§ Supplied material:
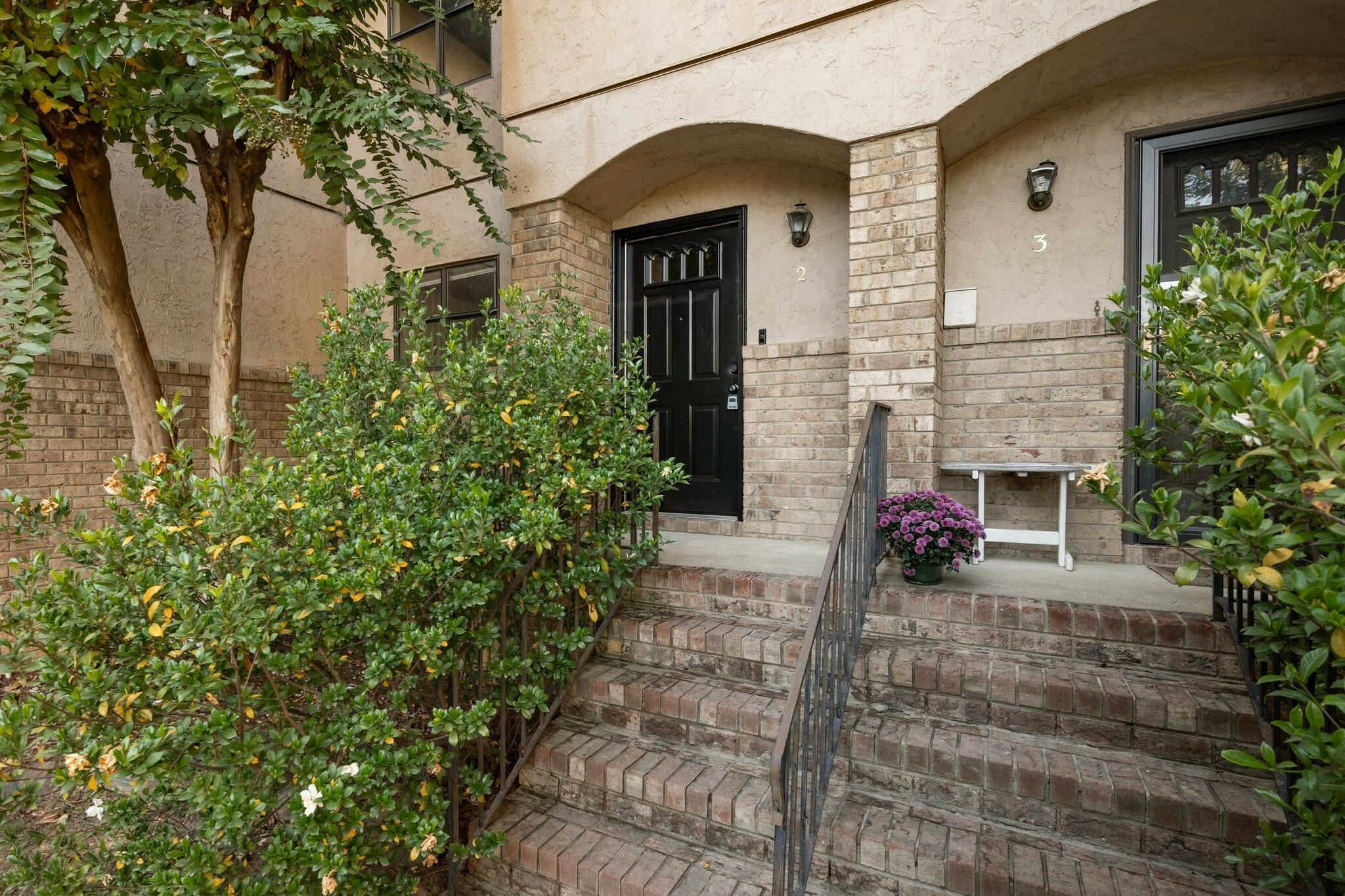 Property Photo:  200 Plaza Drive 2  NC 27517 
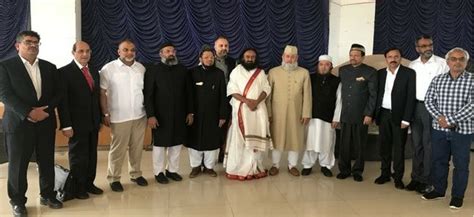 Eminent members of Sunni Waqf Board, AIMPLB and others met Gurudev Sri ...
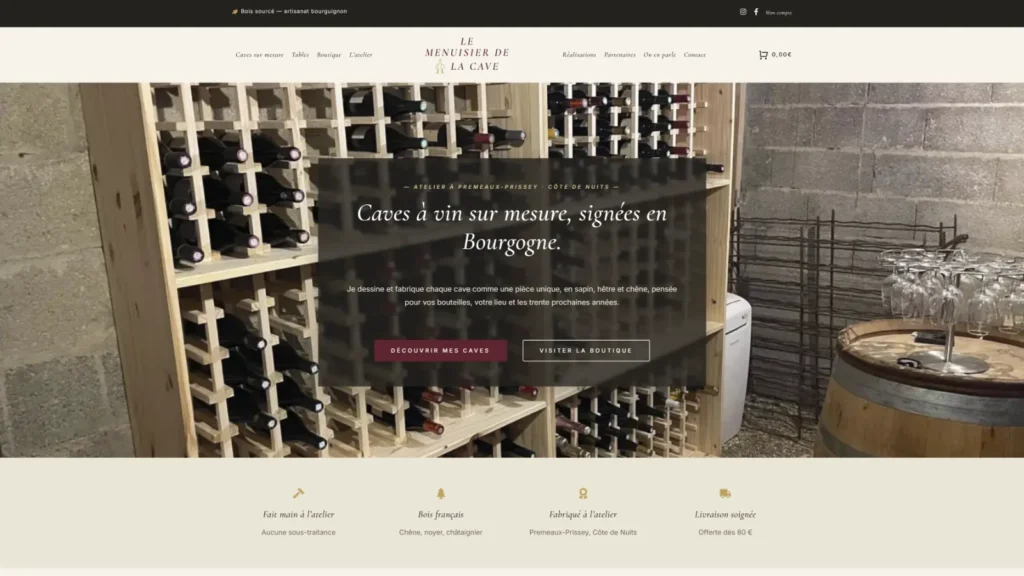 Page d’accueil du site Le Menuisier de la Cave : cave à vin sur mesure en bois clair, menu et boutique en ligne.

§ Directions: Please transcribe exactly the lines from the one containing "Eminent members of" through the final line of the data, including both, and nothing else. Pictures are to be left out.

§ Answer:
 Eminent members of Sunni Waqf Board, AIMPLB and others met Gurudev Sri ...
 Page d’accueil du site Le Menuisier de la Cave : cave à vin sur mesure en bois clair, menu et boutique en ligne.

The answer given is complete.